Emit all the data exactly as provided.

- - - -

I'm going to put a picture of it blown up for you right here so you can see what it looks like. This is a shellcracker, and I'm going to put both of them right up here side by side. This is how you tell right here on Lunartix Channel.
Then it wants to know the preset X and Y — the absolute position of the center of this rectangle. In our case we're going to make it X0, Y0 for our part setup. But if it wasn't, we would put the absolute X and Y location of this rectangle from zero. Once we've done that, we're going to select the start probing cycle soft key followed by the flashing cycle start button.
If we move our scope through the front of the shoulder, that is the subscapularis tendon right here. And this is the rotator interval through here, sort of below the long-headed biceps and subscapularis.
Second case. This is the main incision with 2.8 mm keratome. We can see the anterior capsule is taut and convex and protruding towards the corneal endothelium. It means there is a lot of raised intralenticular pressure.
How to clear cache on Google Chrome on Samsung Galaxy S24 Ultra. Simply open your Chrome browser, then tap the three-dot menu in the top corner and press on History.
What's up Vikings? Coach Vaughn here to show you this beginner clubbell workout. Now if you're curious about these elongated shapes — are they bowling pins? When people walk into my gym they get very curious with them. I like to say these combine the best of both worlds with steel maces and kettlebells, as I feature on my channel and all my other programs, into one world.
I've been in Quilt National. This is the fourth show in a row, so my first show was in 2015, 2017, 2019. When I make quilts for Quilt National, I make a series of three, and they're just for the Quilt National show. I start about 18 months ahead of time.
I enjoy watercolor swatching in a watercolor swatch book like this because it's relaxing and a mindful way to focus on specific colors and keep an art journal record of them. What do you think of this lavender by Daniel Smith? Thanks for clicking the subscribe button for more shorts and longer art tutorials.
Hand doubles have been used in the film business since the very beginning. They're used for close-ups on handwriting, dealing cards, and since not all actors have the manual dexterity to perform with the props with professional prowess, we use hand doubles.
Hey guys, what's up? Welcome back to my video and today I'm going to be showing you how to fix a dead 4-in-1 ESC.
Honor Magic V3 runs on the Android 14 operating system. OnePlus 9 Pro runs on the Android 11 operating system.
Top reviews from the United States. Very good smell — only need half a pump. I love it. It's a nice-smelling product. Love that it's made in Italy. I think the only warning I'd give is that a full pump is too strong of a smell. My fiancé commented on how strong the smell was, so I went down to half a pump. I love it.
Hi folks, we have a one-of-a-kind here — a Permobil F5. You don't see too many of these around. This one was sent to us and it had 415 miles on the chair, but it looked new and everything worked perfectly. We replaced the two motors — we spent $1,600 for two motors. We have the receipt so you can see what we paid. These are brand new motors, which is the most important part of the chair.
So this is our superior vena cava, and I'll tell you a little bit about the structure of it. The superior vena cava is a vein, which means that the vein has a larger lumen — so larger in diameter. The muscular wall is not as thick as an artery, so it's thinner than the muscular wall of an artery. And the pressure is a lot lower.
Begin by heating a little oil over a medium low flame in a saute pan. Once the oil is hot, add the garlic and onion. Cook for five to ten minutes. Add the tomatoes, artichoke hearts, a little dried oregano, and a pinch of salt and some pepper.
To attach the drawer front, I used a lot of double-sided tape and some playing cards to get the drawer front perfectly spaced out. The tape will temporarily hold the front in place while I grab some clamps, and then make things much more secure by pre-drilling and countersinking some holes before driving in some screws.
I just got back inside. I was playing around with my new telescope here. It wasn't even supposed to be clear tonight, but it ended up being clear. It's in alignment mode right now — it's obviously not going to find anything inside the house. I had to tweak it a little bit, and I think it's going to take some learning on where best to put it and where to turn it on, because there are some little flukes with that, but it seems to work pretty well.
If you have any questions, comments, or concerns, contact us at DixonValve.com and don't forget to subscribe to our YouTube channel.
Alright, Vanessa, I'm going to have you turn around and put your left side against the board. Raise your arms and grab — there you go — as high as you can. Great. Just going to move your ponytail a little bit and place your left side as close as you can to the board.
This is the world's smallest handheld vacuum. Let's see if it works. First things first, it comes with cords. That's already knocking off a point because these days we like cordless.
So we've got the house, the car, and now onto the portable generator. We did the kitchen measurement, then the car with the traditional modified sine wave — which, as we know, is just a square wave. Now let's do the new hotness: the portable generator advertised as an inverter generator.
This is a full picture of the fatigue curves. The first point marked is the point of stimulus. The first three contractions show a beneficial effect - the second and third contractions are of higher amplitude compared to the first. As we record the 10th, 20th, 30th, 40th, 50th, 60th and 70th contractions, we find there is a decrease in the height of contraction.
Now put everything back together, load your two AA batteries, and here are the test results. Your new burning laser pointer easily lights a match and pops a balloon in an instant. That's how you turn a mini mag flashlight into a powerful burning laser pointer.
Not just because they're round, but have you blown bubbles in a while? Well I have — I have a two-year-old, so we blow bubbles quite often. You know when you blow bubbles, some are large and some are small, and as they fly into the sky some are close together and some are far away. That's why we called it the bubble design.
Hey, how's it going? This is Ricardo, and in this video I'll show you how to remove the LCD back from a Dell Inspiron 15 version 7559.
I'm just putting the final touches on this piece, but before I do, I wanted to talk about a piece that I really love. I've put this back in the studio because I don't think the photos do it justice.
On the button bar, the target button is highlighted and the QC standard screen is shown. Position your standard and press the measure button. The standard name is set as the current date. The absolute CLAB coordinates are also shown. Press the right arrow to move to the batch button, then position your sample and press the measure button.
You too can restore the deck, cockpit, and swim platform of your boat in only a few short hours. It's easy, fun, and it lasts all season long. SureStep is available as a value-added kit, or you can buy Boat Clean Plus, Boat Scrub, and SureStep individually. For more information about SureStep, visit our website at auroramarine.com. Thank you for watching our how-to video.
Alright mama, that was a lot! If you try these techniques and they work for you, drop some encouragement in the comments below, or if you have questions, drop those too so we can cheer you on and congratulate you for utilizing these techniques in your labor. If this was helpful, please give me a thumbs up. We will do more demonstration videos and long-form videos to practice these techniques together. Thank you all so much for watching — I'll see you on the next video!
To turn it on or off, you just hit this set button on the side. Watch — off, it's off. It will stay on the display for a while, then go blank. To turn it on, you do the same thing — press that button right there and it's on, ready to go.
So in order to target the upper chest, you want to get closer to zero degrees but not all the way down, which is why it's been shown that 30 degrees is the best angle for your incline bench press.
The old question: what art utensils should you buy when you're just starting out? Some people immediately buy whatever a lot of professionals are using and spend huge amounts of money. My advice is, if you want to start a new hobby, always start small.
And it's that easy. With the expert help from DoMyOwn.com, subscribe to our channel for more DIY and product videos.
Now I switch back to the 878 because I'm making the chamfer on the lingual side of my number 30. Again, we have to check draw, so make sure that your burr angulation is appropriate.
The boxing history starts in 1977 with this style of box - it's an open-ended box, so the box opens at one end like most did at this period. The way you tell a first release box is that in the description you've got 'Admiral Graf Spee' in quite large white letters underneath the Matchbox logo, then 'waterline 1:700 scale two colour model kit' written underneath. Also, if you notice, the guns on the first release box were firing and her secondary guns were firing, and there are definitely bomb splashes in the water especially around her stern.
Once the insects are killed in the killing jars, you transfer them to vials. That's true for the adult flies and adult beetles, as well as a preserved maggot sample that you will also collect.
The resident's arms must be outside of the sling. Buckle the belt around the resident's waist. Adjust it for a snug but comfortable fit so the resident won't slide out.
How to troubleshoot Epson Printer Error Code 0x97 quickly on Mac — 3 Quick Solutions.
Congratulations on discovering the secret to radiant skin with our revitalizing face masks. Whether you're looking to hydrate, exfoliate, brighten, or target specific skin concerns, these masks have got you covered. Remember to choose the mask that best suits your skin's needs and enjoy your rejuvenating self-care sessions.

- - - -

▶ _ANSWER BELOW_
I'm going to put a picture of it blown up for you right here so you can see what it looks like. This is a shellcracker, and I'm going to put both of them right up here side by side. This is how you tell right here on Lunartix Channel.
Then it wants to know the preset X and Y — the absolute position of the center of this rectangle. In our case we're going to make it X0, Y0 for our part setup. But if it wasn't, we would put the absolute X and Y location of this rectangle from zero. Once we've done that, we're going to select the start probing cycle soft key followed by the flashing cycle start button.
If we move our scope through the front of the shoulder, that is the subscapularis tendon right here. And this is the rotator interval through here, sort of below the long-headed biceps and subscapularis.
Second case. This is the main incision with 2.8 mm keratome. We can see the anterior capsule is taut and convex and protruding towards the corneal endothelium. It means there is a lot of raised intralenticular pressure.
How to clear cache on Google Chrome on Samsung Galaxy S24 Ultra. Simply open your Chrome browser, then tap the three-dot menu in the top corner and press on History.
What's up Vikings? Coach Vaughn here to show you this beginner clubbell workout. Now if you're curious about these elongated shapes — are they bowling pins? When people walk into my gym they get very curious with them. I like to say these combine the best of both worlds with steel maces and kettlebells, as I feature on my channel and all my other programs, into one world.
I've been in Quilt National. This is the fourth show in a row, so my first show was in 2015, 2017, 2019. When I make quilts for Quilt National, I make a series of three, and they're just for the Quilt National show. I start about 18 months ahead of time.
I enjoy watercolor swatching in a watercolor swatch book like this because it's relaxing and a mindful way to focus on specific colors and keep an art journal record of them. What do you think of this lavender by Daniel Smith? Thanks for clicking the subscribe button for more shorts and longer art tutorials.
Hand doubles have been used in the film business since the very beginning. They're used for close-ups on handwriting, dealing cards, and since not all actors have the manual dexterity to perform with the props with professional prowess, we use hand doubles.
Hey guys, what's up? Welcome back to my video and today I'm going to be showing you how to fix a dead 4-in-1 ESC.
Honor Magic V3 runs on the Android 14 operating system. OnePlus 9 Pro runs on the Android 11 operating system.
Top reviews from the United States. Very good smell — only need half a pump. I love it. It's a nice-smelling product. Love that it's made in Italy. I think the only warning I'd give is that a full pump is too strong of a smell. My fiancé commented on how strong the smell was, so I went down to half a pump. I love it.
Hi folks, we have a one-of-a-kind here — a Permobil F5. You don't see too many of these around. This one was sent to us and it had 415 miles on the chair, but it looked new and everything worked perfectly. We replaced the two motors — we spent $1,600 for two motors. We have the receipt so you can see what we paid. These are brand new motors, which is the most important part of the chair.
So this is our superior vena cava, and I'll tell you a little bit about the structure of it. The superior vena cava is a vein, which means that the vein has a larger lumen — so larger in diameter. The muscular wall is not as thick as an artery, so it's thinner than the muscular wall of an artery. And the pressure is a lot lower.
Begin by heating a little oil over a medium low flame in a saute pan. Once the oil is hot, add the garlic and onion. Cook for five to ten minutes. Add the tomatoes, artichoke hearts, a little dried oregano, and a pinch of salt and some pepper.
To attach the drawer front, I used a lot of double-sided tape and some playing cards to get the drawer front perfectly spaced out. The tape will temporarily hold the front in place while I grab some clamps, and then make things much more secure by pre-drilling and countersinking some holes before driving in some screws.
I just got back inside. I was playing around with my new telescope here. It wasn't even supposed to be clear tonight, but it ended up being clear. It's in alignment mode right now — it's obviously not going to find anything inside the house. I had to tweak it a little bit, and I think it's going to take some learning on where best to put it and where to turn it on, because there are some little flukes with that, but it seems to work pretty well.
If you have any questions, comments, or concerns, contact us at DixonValve.com and don't forget to subscribe to our YouTube channel.
Alright, Vanessa, I'm going to have you turn around and put your left side against the board. Raise your arms and grab — there you go — as high as you can. Great. Just going to move your ponytail a little bit and place your left side as close as you can to the board.
This is the world's smallest handheld vacuum. Let's see if it works. First things first, it comes with cords. That's already knocking off a point because these days we like cordless.
So we've got the house, the car, and now onto the portable generator. We did the kitchen measurement, then the car with the traditional modified sine wave — which, as we know, is just a square wave. Now let's do the new hotness: the portable generator advertised as an inverter generator.
This is a full picture of the fatigue curves. The first point marked is the point of stimulus. The first three contractions show a beneficial effect - the second and third contractions are of higher amplitude compared to the first. As we record the 10th, 20th, 30th, 40th, 50th, 60th and 70th contractions, we find there is a decrease in the height of contraction.
Now put everything back together, load your two AA batteries, and here are the test results. Your new burning laser pointer easily lights a match and pops a balloon in an instant. That's how you turn a mini mag flashlight into a powerful burning laser pointer.
Not just because they're round, but have you blown bubbles in a while? Well I have — I have a two-year-old, so we blow bubbles quite often. You know when you blow bubbles, some are large and some are small, and as they fly into the sky some are close together and some are far away. That's why we called it the bubble design.
Hey, how's it going? This is Ricardo, and in this video I'll show you how to remove the LCD back from a Dell Inspiron 15 version 7559.
I'm just putting the final touches on this piece, but before I do, I wanted to talk about a piece that I really love. I've put this back in the studio because I don't think the photos do it justice.
On the button bar, the target button is highlighted and the QC standard screen is shown. Position your standard and press the measure button. The standard name is set as the current date. The absolute CLAB coordinates are also shown. Press the right arrow to move to the batch button, then position your sample and press the measure button.
You too can restore the deck, cockpit, and swim platform of your boat in only a few short hours. It's easy, fun, and it lasts all season long. SureStep is available as a value-added kit, or you can buy Boat Clean Plus, Boat Scrub, and SureStep individually. For more information about SureStep, visit our website at auroramarine.com. Thank you for watching our how-to video.
Alright mama, that was a lot! If you try these techniques and they work for you, drop some encouragement in the comments below, or if you have questions, drop those too so we can cheer you on and congratulate you for utilizing these techniques in your labor. If this was helpful, please give me a thumbs up. We will do more demonstration videos and long-form videos to practice these techniques together. Thank you all so much for watching — I'll see you on the next video!
To turn it on or off, you just hit this set button on the side. Watch — off, it's off. It will stay on the display for a while, then go blank. To turn it on, you do the same thing — press that button right there and it's on, ready to go.
So in order to target the upper chest, you want to get closer to zero degrees but not all the way down, which is why it's been shown that 30 degrees is the best angle for your incline bench press.
The old question: what art utensils should you buy when you're just starting out? Some people immediately buy whatever a lot of professionals are using and spend huge amounts of money. My advice is, if you want to start a new hobby, always start small.
And it's that easy. With the expert help from DoMyOwn.com, subscribe to our channel for more DIY and product videos.
Now I switch back to the 878 because I'm making the chamfer on the lingual side of my number 30. Again, we have to check draw, so make sure that your burr angulation is appropriate.
The boxing history starts in 1977 with this style of box - it's an open-ended box, so the box opens at one end like most did at this period. The way you tell a first release box is that in the description you've got 'Admiral Graf Spee' in quite large white letters underneath the Matchbox logo, then 'waterline 1:700 scale two colour model kit' written underneath. Also, if you notice, the guns on the first release box were firing and her secondary guns were firing, and there are definitely bomb splashes in the water especially around her stern.
Once the insects are killed in the killing jars, you transfer them to vials. That's true for the adult flies and adult beetles, as well as a preserved maggot sample that you will also collect.
The resident's arms must be outside of the sling. Buckle the belt around the resident's waist. Adjust it for a snug but comfortable fit so the resident won't slide out.
How to troubleshoot Epson Printer Error Code 0x97 quickly on Mac — 3 Quick Solutions.
Congratulations on discovering the secret to radiant skin with our revitalizing face masks. Whether you're looking to hydrate, exfoliate, brighten, or target specific skin concerns, these masks have got you covered. Remember to choose the mask that best suits your skin's needs and enjoy your rejuvenating self-care sessions.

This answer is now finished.